Love is supposed to be everywhere, but my most recent plane ride convinced me of the opposite. I’m Toby, 35 and my planned relaxed return home to see my wife and child got interrupted by two newlyweds who thought they owned the cabin.
I paid for a premium economy upgrade. Following my overseas assignment, I had grown tired and wanted to be in my own home which led me to decide on a pricier room. Not long after I sat down, my seatmate introduced himself as Dave and I felt something different was about to happen. Hey, he said with a huge smile. “I’m Dave. I’m wondering if you wouldn’t mind trading seats with my wife. I just completed my journey to becoming married to her.
I realize now that newlyweds often like to sit together. He gestured toward the back of the plane, to where his wife Lia was seated and I wasn’t sure how to respond. I spent a lot on this ticket, around a thousand Australian dollars and I was definitely glad I’d paid for a nice seat. If you decide to cover the extra cost, I’m ready to bring you the latest version,” I added. Dave lost his smile right away. So much money? This joke can’t be serious. I tried to just remain calm while shrugging. That’s the cost. If that happens, I won’t go anywhere.” Leaving, he looked straight at me and said, “You should regret what you did.”
That’s when the troubles started.
Initially, we could sense it from rough, exaggerated coughing that got everyone’s attention. Everything all right, Dave? I was genuinely concerned, so I asked. The way he looked at me told me all I had to know. Not long after, he took out his tablet and turned up the action movie as loud as it could go, without wearing headphones. When someone politely reminded him to turn it down, Dave smiled and said, “I guess it’s part of your audition.”
After that, there was the sudden arrival of snack foods. Somehow, trying to eat pretzels was like playing a sport with them, for most ended up passing through the air and lodged themselves in my lap. Dave said, “Oops, but I’m not really sorry,” as he knocked over my container. Next to no time had passed when Lia descended, sitting in Dad’s arms and whispering, as it were, unmindful that everyone was cramped together. I ground my teeth as the giggles and rude PDA took over the plane.
An hour of their crazy behavior was all it took for me to lose my cool. I told a flight attendant about what was happening—all the coughing, loud noises, snacks everywhere and sitting in laps. Even though the couple tried to joke their way out, the stewardess didn’t go along with it. It is forbidden in airline policy for an adult to sit on another’s lap, so the attendant requested Lia return to her seat. If they went against her, she finished things: “Since you did not pay extra and have made a lot of trouble, you both should go back to economy.”
The feeling as I walked through my neighbor’s yard was wonderful. With no smile on their faces, Dave and Lia walked by me and I waved pleasantly along the way. I wish you a wonderful honeymoon time. Though Dave glared, he did not respond.

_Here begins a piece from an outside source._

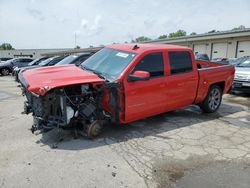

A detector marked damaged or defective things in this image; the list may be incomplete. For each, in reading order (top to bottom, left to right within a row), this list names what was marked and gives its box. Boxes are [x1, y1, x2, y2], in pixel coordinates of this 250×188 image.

damaged hood [20, 64, 104, 95]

So I thought peace had come to stay again.
About one hour after takeoff, the plane began to run into turbulence. The sign came on and a short while later, the back of the bus got noisy. Lia kept asking from the back seat to use the restroom. A flight attendant convinced Lia this wasn’t necessary, but Lia claimed it was urgent and kept walking forward, followed by Dave.

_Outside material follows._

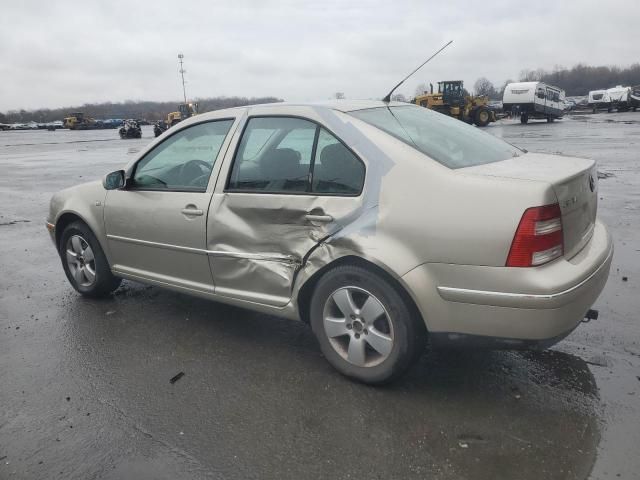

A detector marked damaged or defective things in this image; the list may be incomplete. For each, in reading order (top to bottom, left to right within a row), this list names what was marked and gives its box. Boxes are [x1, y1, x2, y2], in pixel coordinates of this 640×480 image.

damaged gold sedan [47, 100, 612, 382]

No matter how many times they came, I would plant myself in their way. You two were supposed to be hanging back with me, weren’t we? I made sure everyone in our section could hear what I was saying. Both of them begged, said it was important and still tried to win me over with their talk. Afterward, I left but let the flight attendant know that the reason these two had been told to sit in economy was because of past disruptions.

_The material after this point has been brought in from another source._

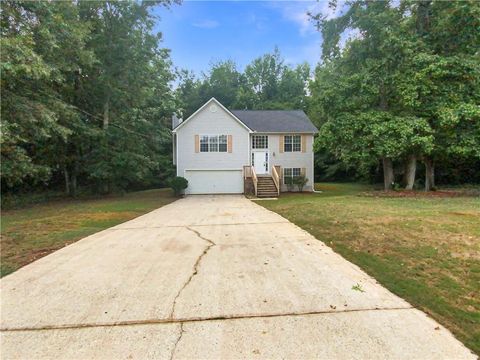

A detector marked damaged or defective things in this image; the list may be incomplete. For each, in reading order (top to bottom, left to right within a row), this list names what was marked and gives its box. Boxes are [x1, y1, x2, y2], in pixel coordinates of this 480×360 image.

driveway crack [168, 226, 215, 320]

It wasn’t long for the attendant’s judgment to return. The original stewardess got back on board just as the prank was happening and she clearly wasn’t happy. Take your seats again. From now on, she said. The couple could not find any words. Or else, I’m thinking we can bring in the air marshal, she suggested. That made them start to move.
For the rest of the flight, it was peacefully quiet. As soon as we were going down, a flight attendant brought me a whiskey and cola. With a wink, she said, “No charge for you.” “It’s because of your patience that I made it in time.” I held up my glass to make a toast. “I wish you a peaceful flight and wish you good karma.” A few people in the crowd near me said, “Hear, hear!”
As soon as we landed in Los Angeles, the bad memories were gone. I gathered what I had, thanked the crew and left the plane keeping my head up. While I was leaving, I noticed Dave and Lia looking red and not making eye contact. I just had to do it. Hope you all took something away from this. Have a wonderful honeymoon. Dave didn’t open his mouth.
I was once more at home without even noticing how it happened. There were big smiles from my wife and child at the gate, calming me right after my ordeal on the aircraft. Finally, my efforts at good manners and a touch of turmoil made the airplane land before her evil plan did.